Tuesday, September 2, 2025

Neuropathological Sidekicks for Wizards

Maufesto (vice: refined taste; spell: detect poison)
(except anything nonalcoholic also counts as poison)

When something especially frightening, dramatic, or embarrassing occurs, gain a random Vice (d40).

  1. Chain Smoker (Cannot hold breath, persistent stink)
  2. Nervous Giggles (-1 to Stealth checks)
  3. Refined Taste (Cannot drink water)
  4. Daydreams (Act last in initiative)
  5. Absent-Minded (-1 to Brains checks)
  6. Miserable Bastard (-1 to Reaction rolls)
  7. Bleeding Heart (Take 1 damage after each of your attacks)
  8. Twitchy Eye (Cannot aim for shit)
  9. The Yips (-1 to Strength checks)
  10. Creepy Smile (-1 to Charisma checks)
  11. Shaky Hands (Cannot pick locks or defuse bombs)
  12. Milk Drinker (Only drink milk)
  13. Poor Hygiene (-1 to Reaction rolls)
  14. 'Fraidy Cat (Afraid below 1/2 HP) All characters have an immutable fear response: fight, flee, freeze, or fawn. If you don't know yours, pick or roll it whenever it becomes relevant.
  15. Honorbound (Cannot retreat)
  16. Queasy (-1 to Constitution checks)
  17. Doomed (-1 to Fate checks) 
  18. Bottomless (Consume double rations)
  19. Rage Machine (Yell before each of your attacks)
  20. Punching Bag (Take +1 damage from striking attacks)
  21. Flagellant (Take +1 damage from slashing attacks)
  22. Martyr (Take +1 damage from stabbing attacks)
  23. Penny Pincher (Cannot part with money)
  24. Sloppy (-1 to Grace checks)
  25. High Strung (-1 to Nerve checks)
  26. Lazy (Cannot run)
  27. Fainting Spells (Save or lose a turn when a spell is cast)
  28. High Roller (Save or raise the stakes)
  29. Dependent (Choose another character, -1 to all checks when they are not in the room)
  30. Claustrophobia (Cannot enter crawlspaces)
  31. Erotophobia (Cannot enter brothels)
  32. Godless (Cannot enter churches)
  33. Teetotaler (Cannot drink alcohol)
  34. Sinking Feeling (Cannot swim)
  35. Dumb (Monosyllabic speech)
  36. Emotionless (-1 to Reaction rolls)
  37. Gullible (-2 to save vs lies)
  38. Flirtatious (-2 to save vs charms)
  39. Willowy (-2 to save vs threats)
  40. Regicidal (Recognize other co-conspirators on sight)

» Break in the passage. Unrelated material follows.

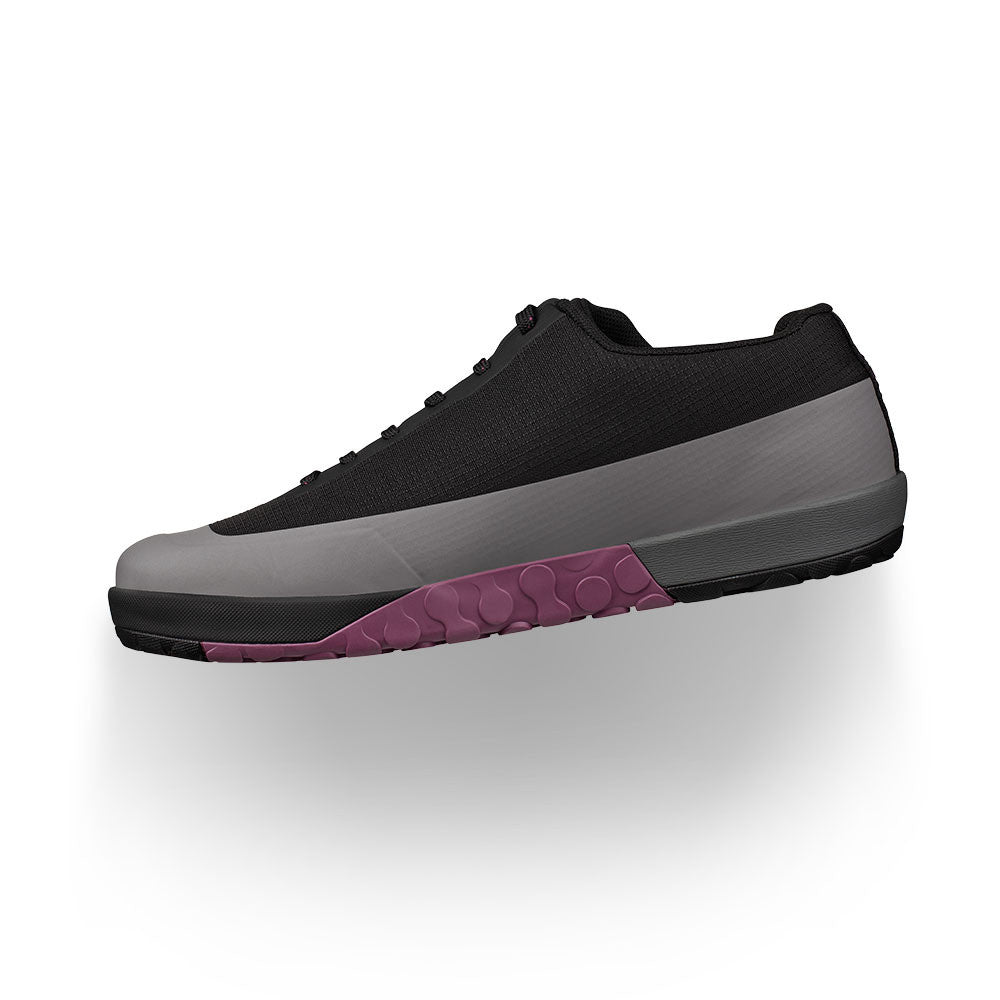Fizik Gravita Versor Flat Chaussure VTT Plate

Each vice you have grants +20xp until cured. Vices can be reliably cured by churches and brothels (like in Darkest Dungeon :D) and less reliably by a wizard or psychotherapist.

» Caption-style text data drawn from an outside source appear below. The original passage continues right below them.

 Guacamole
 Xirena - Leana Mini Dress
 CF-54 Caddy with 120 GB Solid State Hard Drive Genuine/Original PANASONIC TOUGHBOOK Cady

They aren't intended to be part of your character forever, unless you find them endearing. (see below)

Adan (vice: sinking feeling; spell: black tentacle)
(if there is neither water nor mirror nearby, it emerges from your pupil)

To a psychopaladin, or anyone else who can see spirits, vices are daemons (psychic shoulder-entities who cast spells and give bad advice). You may recognize some of these from the two daemon posts: for example, Dolores is the punching bag and Despite is honorbound. If you possess those vices, those daemons will be the ones on your shoulder, whispering in your ear and voicing your basest instincts.

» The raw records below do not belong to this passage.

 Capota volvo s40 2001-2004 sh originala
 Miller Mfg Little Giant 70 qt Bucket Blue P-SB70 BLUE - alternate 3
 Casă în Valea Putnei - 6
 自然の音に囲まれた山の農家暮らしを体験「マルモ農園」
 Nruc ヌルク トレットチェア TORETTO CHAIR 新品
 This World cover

[Also, each daemon is linked to a spell. Thus, all daemons have three names: the vice, given by doctors; the spell, given by wizards; and their own, used for personal affairs]


Vices are what happen when you possess a daemon. What happens when a daemon possesses you?

Possession is an entry on the overloaded encounter die. Make a mental save or treat with laudanum. Otherwise, you are possessed: choose arm, leg, or mouth. The daemon can commandeer those body parts to fulfill its whims.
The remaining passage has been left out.